Everything in the data gets repeated exactly, except for the pictures.

_EXERCISE DATA_
>>>>
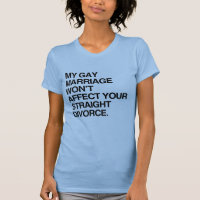 MY GAY MARRIAGE WON'T AFFEC T-Shirt
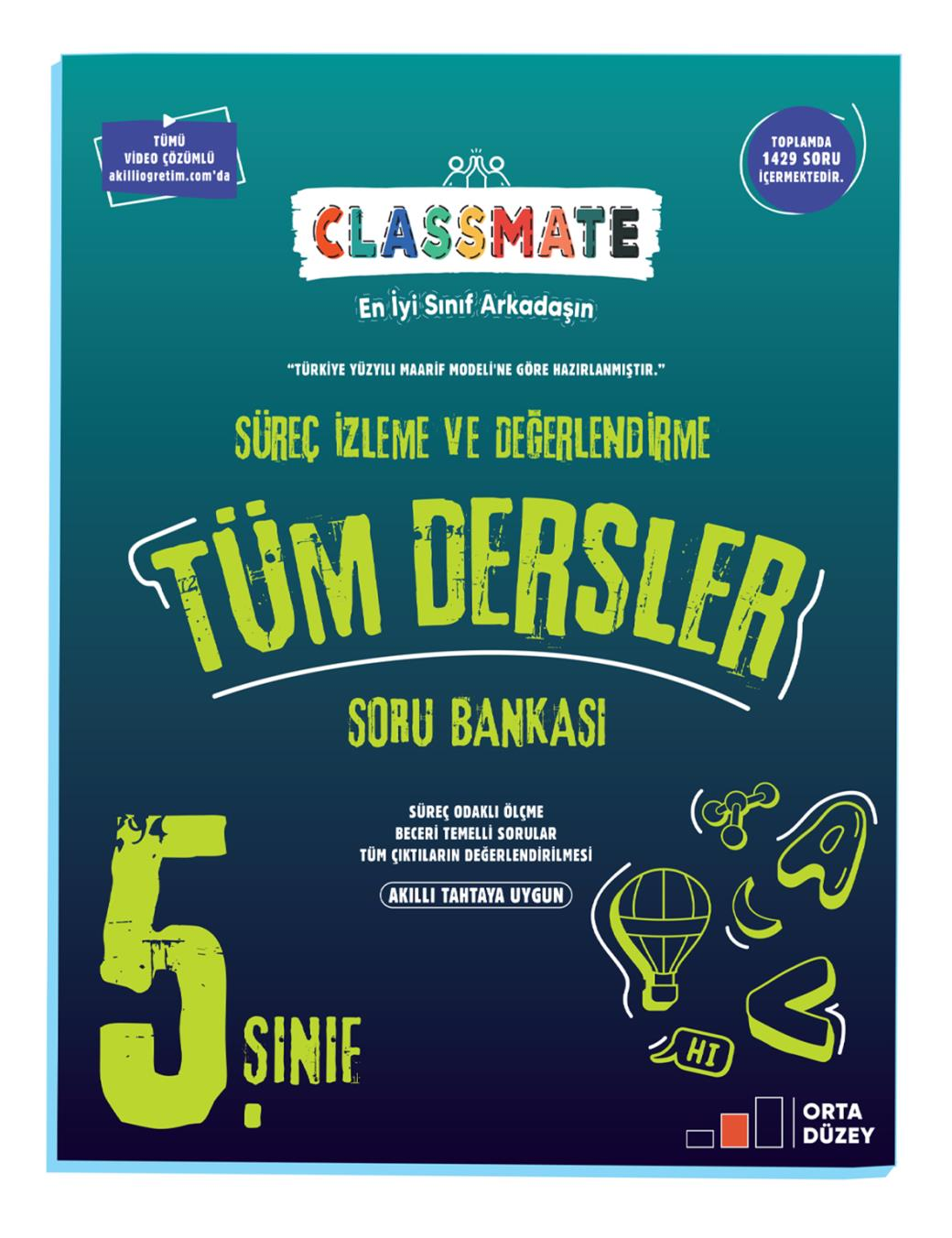 5. Sınıf Classmate Süreç Odaklı Tüm Dersler Soru Bankası - Okyanus Yayınları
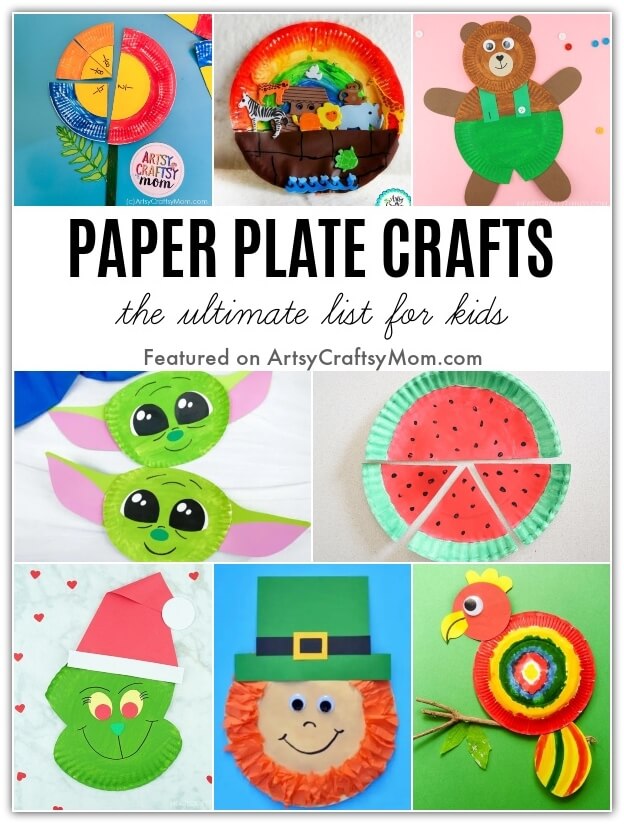 Our Ultimate List of 100+ Paper Plate Crafts for Kids proves that there is absolutely nothing you can't make with a handful of plain paper plates!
<<<<
_EXERCISE RESULT_
 MY GAY MARRIAGE WON'T AFFEC T-Shirt
 5. Sınıf Classmate Süreç Odaklı Tüm Dersler Soru Bankası - Okyanus Yayınları
 Our Ultimate List of 100+ Paper Plate Crafts for Kids proves that there is absolutely nothing you can't make with a handful of plain paper plates!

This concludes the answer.